In the records below, the relevant part opens with the line containing "Calendario con data" and closes with the line containing "Stained glass with colorful floral design."; print that part exactly and only, without its pictures.

* Data to examine *
·····

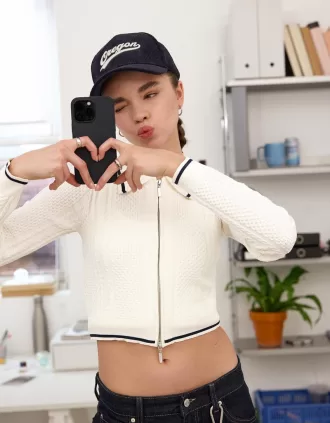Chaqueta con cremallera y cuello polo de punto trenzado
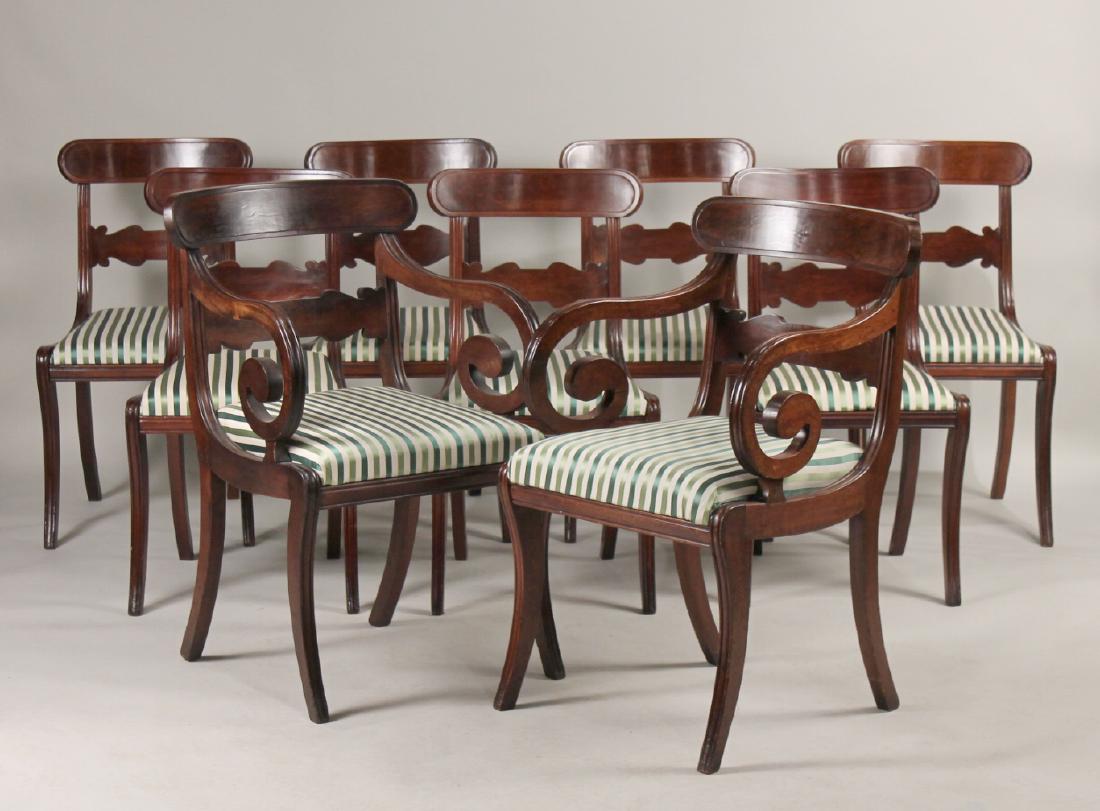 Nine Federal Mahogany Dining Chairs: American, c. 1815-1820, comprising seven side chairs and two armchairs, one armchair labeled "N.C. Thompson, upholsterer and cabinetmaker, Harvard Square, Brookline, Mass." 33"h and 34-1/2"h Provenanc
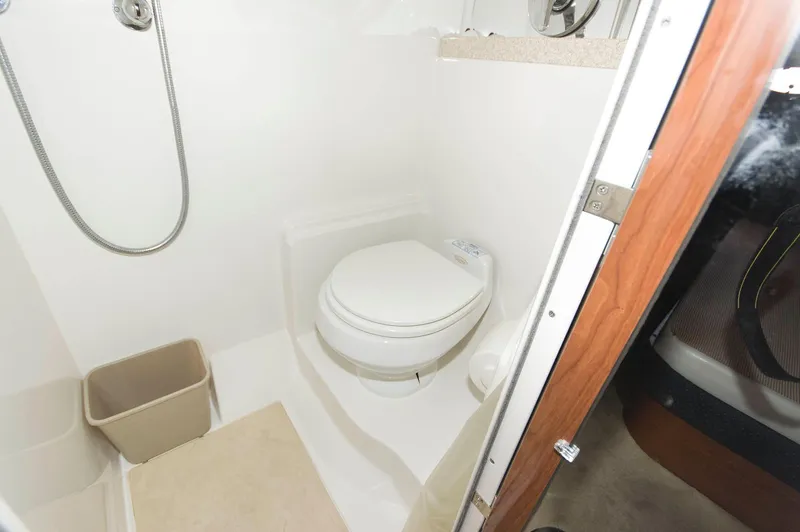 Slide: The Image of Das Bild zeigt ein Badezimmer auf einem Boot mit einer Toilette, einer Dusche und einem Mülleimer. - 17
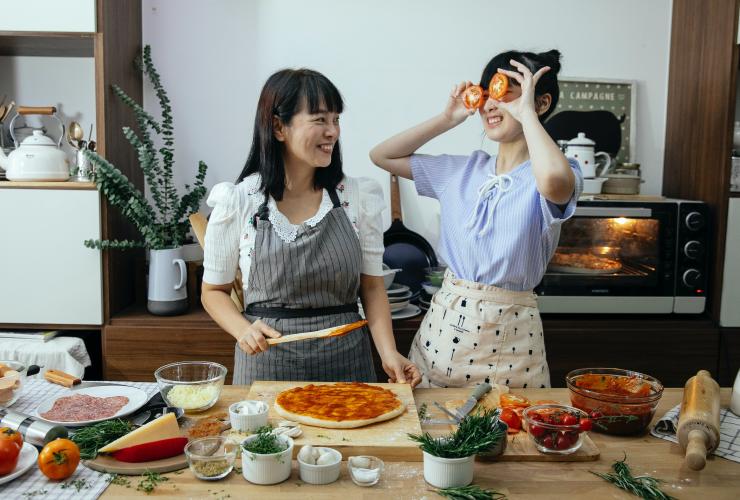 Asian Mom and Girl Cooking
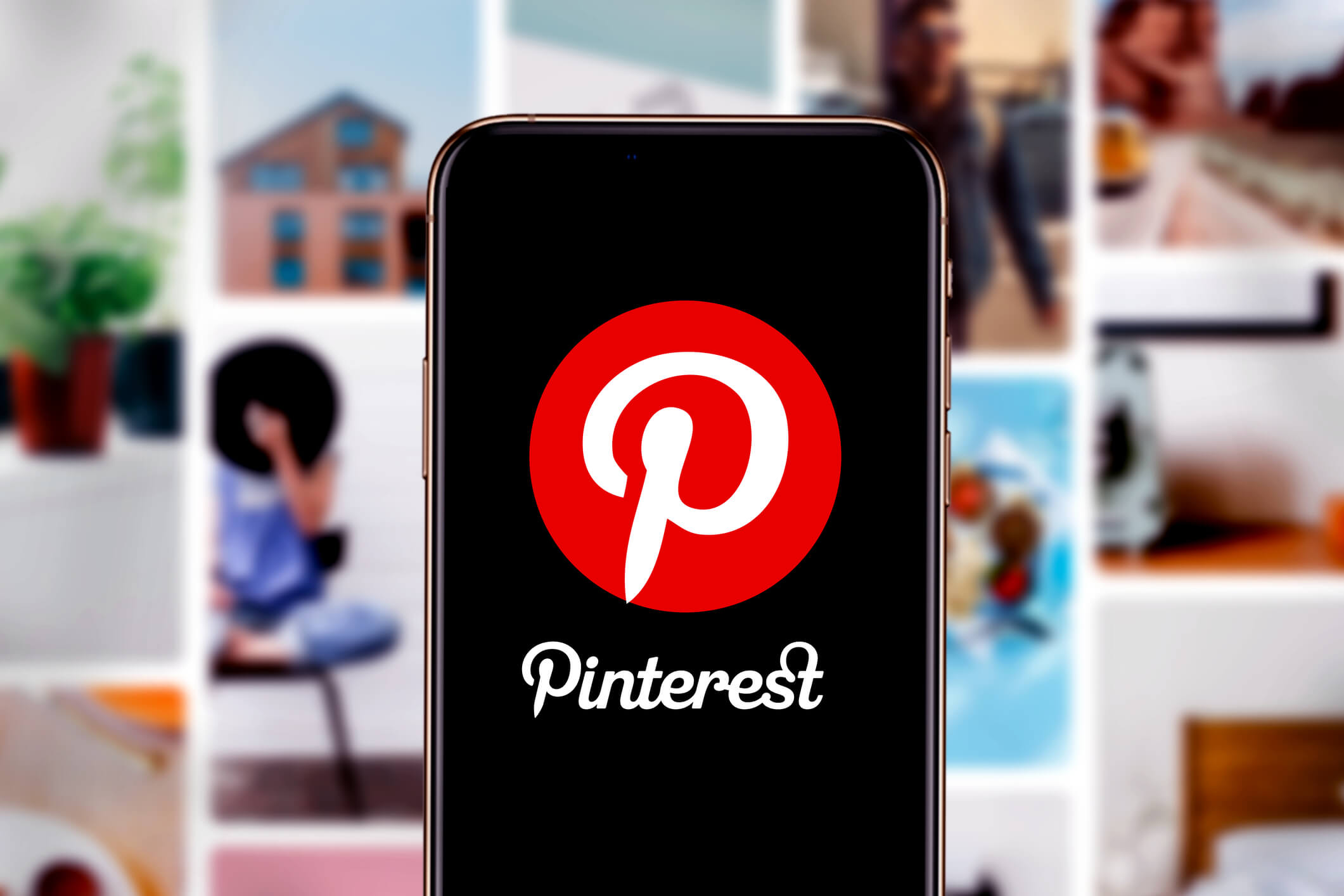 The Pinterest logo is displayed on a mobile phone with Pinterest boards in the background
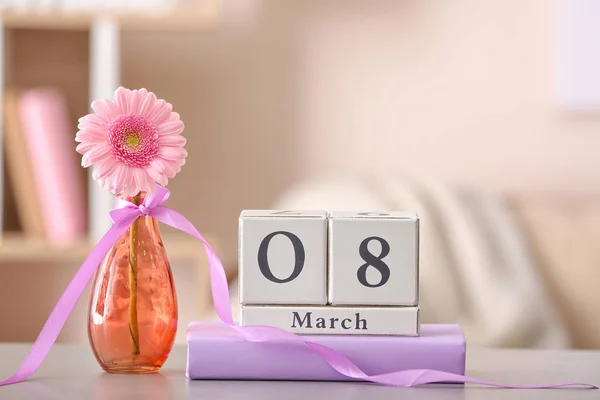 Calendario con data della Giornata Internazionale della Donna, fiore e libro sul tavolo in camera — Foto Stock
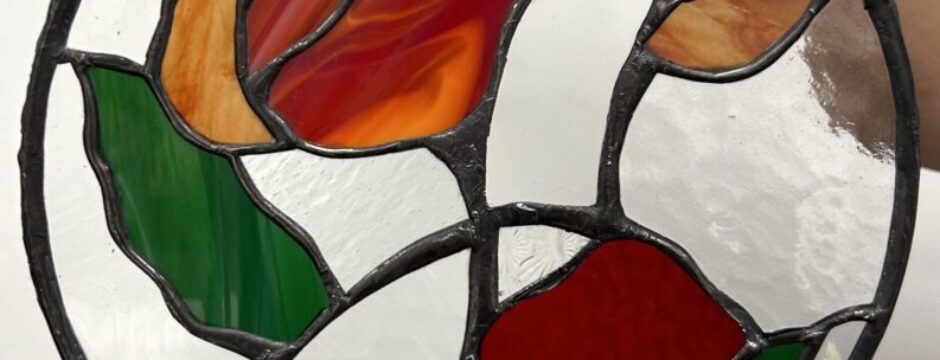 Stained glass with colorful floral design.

·····

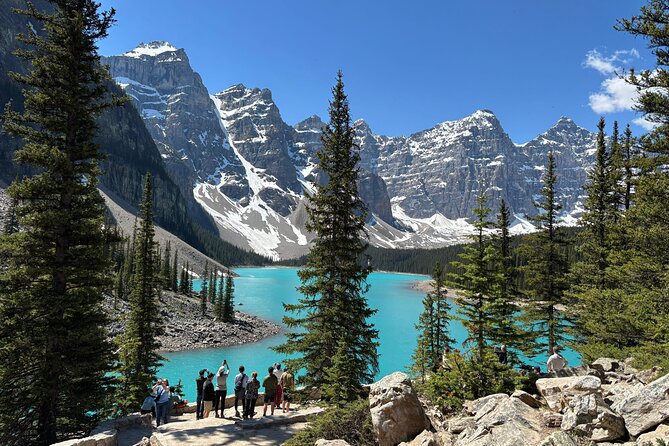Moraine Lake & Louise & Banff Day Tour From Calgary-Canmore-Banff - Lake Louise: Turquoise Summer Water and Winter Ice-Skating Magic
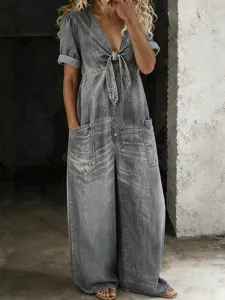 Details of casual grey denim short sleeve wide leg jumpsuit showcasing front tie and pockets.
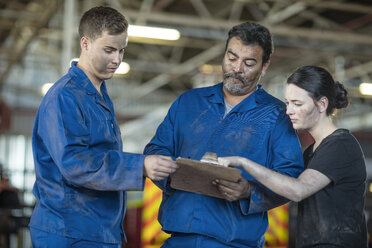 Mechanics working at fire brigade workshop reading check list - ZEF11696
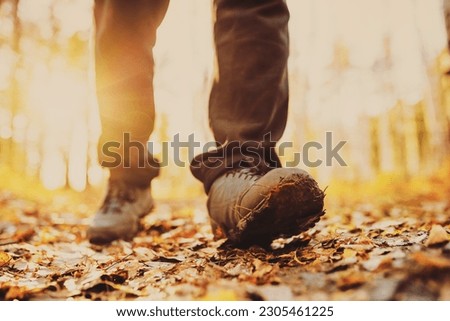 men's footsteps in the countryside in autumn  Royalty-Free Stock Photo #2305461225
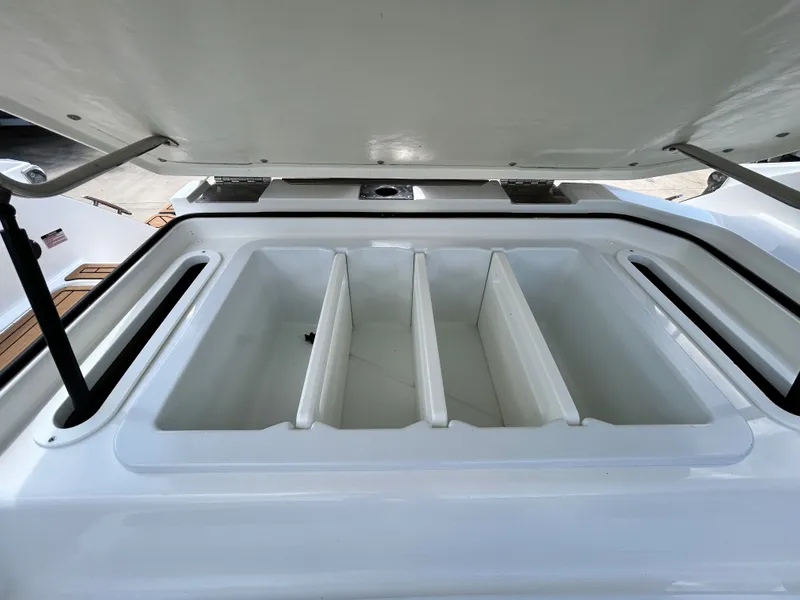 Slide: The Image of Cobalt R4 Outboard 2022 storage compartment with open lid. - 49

·····

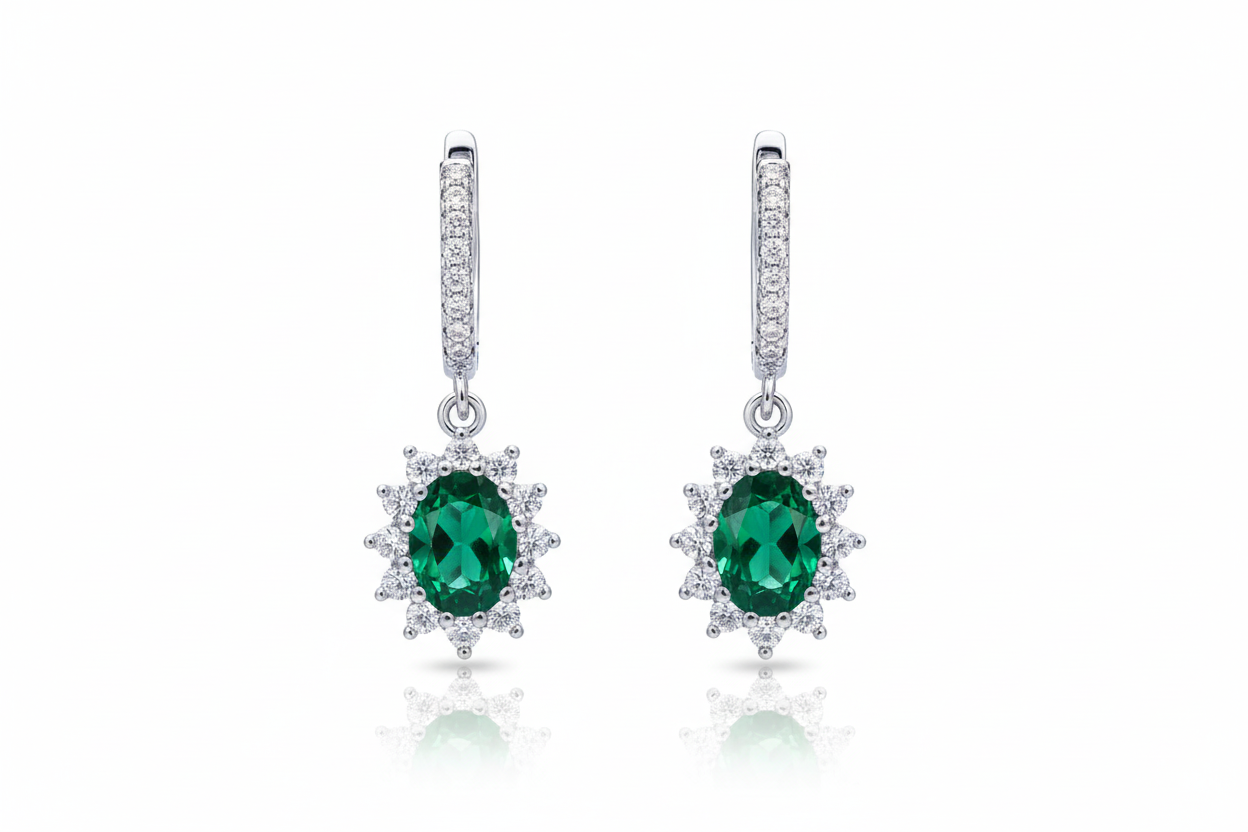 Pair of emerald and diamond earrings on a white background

·····

* Response below *
 Calendario con data della Giornata Internazionale della Donna, fiore e libro sul tavolo in camera — Foto Stock
 Stained glass with colorful floral design.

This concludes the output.